Unfortunately for Rahn, it was now while he was at the height of professional success that his personal life now began to unravel with dire consequences.
A small, sensitive and bookish man, Rahn never quite fit in with the boorish, bullnecked bullies of the SS. He was also a heavy drinker, openly liberal in his political views, and gay. In a letter to a friend he wrote shortly before entering Himmler’s service, he remarked sadly that: “It is impossible for a tolerant and generous person to stay for long in this country, which used to be my wonderful homeland.”
In Otto Rahn & The Quest for the Holy Grail, author Nigel Graddon posits that Rahn never had any sympathy for the Nazis and saw them only as a source of research funding and financial support. On one occasion, when spotted by an old acquaintance in his black SS uniform, complete with ceremonial dagger and swastika armband, Rahn reportedly just shrugged and sighed: “One must eat.”
Himmler, knew all about Rahn’s personal life, and he was willing to overlook it so long as he kept producing books and research. When a homosexual tryst came to light shortly before the release of Lucifer’s Court, Himmler forbade Rahn from drinking and forced him to do a few months of guard duty, but otherwise forgave him.
By 1938, however, Rahn had begun to shirk his duties. He began spending more and more time outside of Germany in politically questionable company, and was even reported to be sharing confidential and embarrassing information about the SS. Worse yet, he had still failed to provide the Nazis with proof of his own “Aryan” heritage, sparking rumours of Jewish ancestry.
When a second affair came to light, this time with a high-ranking member of the Luftwaffe, a furious Himmler ordered Rahn to do guard duty at the Buchenwald concentration camp. What he saw there horrified him, and his already delicate mental state began to rapidly decline. In February of 1939, he abruptly resigned from the SS.
In the weeks following, Rahn’s friends reported him to be suffering from extreme nervous agitation and on the verge of a mental breakdown. He fled south to the town of Söll in the Austrian alps. There, sometime in mid-March, he followed a stony path into the mountains and weeks later was found frozen to death.
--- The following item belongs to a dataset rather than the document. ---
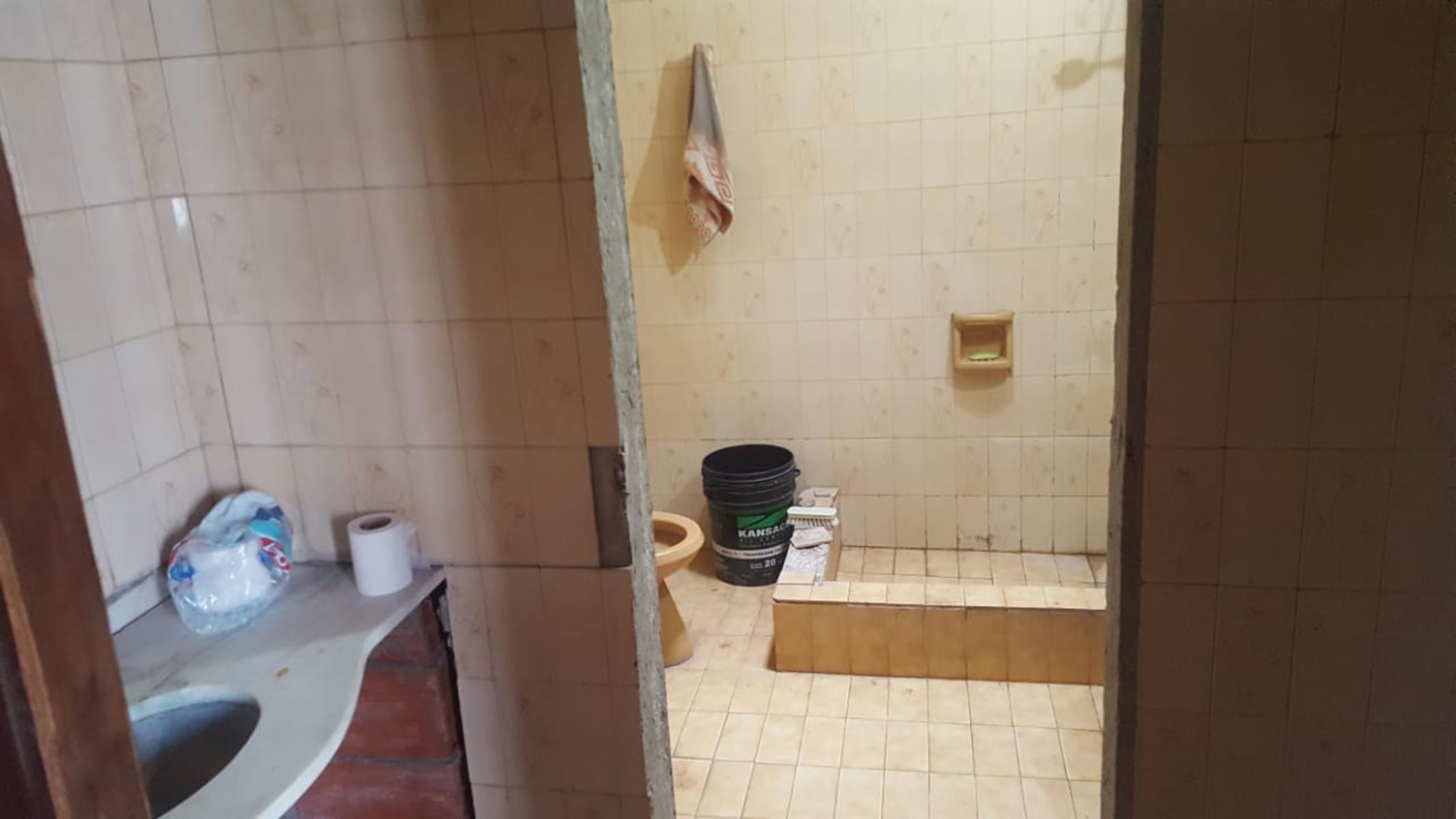 28 COCHERAS + VIVIENDA EN ZONA CENTRO - Sta Teresita, - 6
What exactly happened to Rahn has never been fully determined. Many speculate that once he left the SS, his sexual orientation and political views made him a marked man. Rather than face the horrors of the concentration camps that he had witnessed firsthand, he took his own life.
Proponents of this theory note that his death occurred near the anniversary of the fall of Montségur. They presume he committed the “Endura,” a Cathar form of ritual suicide by cold and starvation. It would have been a fitting if tragic end for a man who had devoted so much of his life to the mysterious sect.
But others argue that the body that was found frozen in the mountains was not in fact Rahn’s, and that he had instead faked his own death. They note that though the body that was recovered was buried at the Rahn family grave in Darmstadt, no official death certificate was ever produced.
Rumours swirled for years that he had assumed a new identity and was hidden by friends in one of the mystic and esoteric circles in which he was known to travel. Others continue to theorize that Otto Rahn and Rudolf Rahn, the similar looking German ambassador to Italy who died in 1975, were in fact the same person. There is even a story of him dying in a car accident in Iran in 1959.
Feeding these rumours is the extent to which Himmler went to posthumously rehabilitate Rahn and cover up any of his misdeeds. An obituary in the SS newspaper Das Schwarzes Korps, attributed his death to a sudden snowstorm and described him as “a decent SS-member and the creator of marvellous historic and scientific works.” Himmler kept Rahn’s works in print right to the end of the war when paper in Germany was increasingly scarce, and in 1944 a large outstanding debt he owed to Himmler was mysteriously and anonymously paid.